The fact that Friday can still be chosen is the kicker here. This means that even if the professor doesn’t use a randomization but simply decides for himself, with full knowledge of everything, which day the quiz will be on, he is free to pick M-Th and know that it will be a surprise. Because he could STILL have picked Friday, even though it wouldn’t then be a surprise.
That is the heart of the paradox. Friday can be chosen, knowing full well it will violate the surprise condition; but if Friday is NOT chosen, then any other day will fulfil the surprise condition. The students cannot truly know that Friday will not be chosen, because Friday has already been defined as a possibilty and the professor can employ any number of underlying reasons for choosing which day to have the quiz, including randomization. The students do not, according to the problem as defined, have access to the cause or reasons for which day is chosen.
I suppose you could then revive the paradox by modifying it slightly, " the professor then tells the students he will not choose a day where the quiz being on that day would be known before the quiz is announced." In that case Friday is off the table from the start, which alters the condition “there will be a quiz M-F next week” to “there will be a quiz M-Th next week”. So the problem itself is different. That’s the essence of the paradox, it just depends on how you define the selection methodology behind why the day of the quiz was chosen. If there is a randomization factor then it is possible to have a surprise quiz M-Th; if the professor promises not to pick what amounts to Friday, then the problem is changed and we aren’t even talking about the same situation anymore. So to uphold the M-F condition as defined by the professor, it could not be the case that the professor would himself rule out Friday as an option, therefore if Friday is still possible all conditions of the situation are upheld, so long as Friday is not actually selected.

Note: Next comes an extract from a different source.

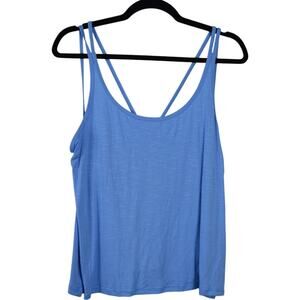 Vie Active Strappy Tank – Blue L Lightweight Performance Top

Hence back to what I wrote above, that this situation is possible to occur non-contradictingly if the quiz is M-Th, but impossible to occur non-contradictingly if the quiz is on Friday. If the quiz ends up being on a M-Th, AND Friday was not explicitly ruled out by the professor at the beginning, then all conditions are met and the paradox vanishes. That is the only resolution of the paradox, everything else (altering or infringing upon the M-F condition, or having the quiz actually occur on Friday) is a violation and upholds the paradoxical nature of the situation.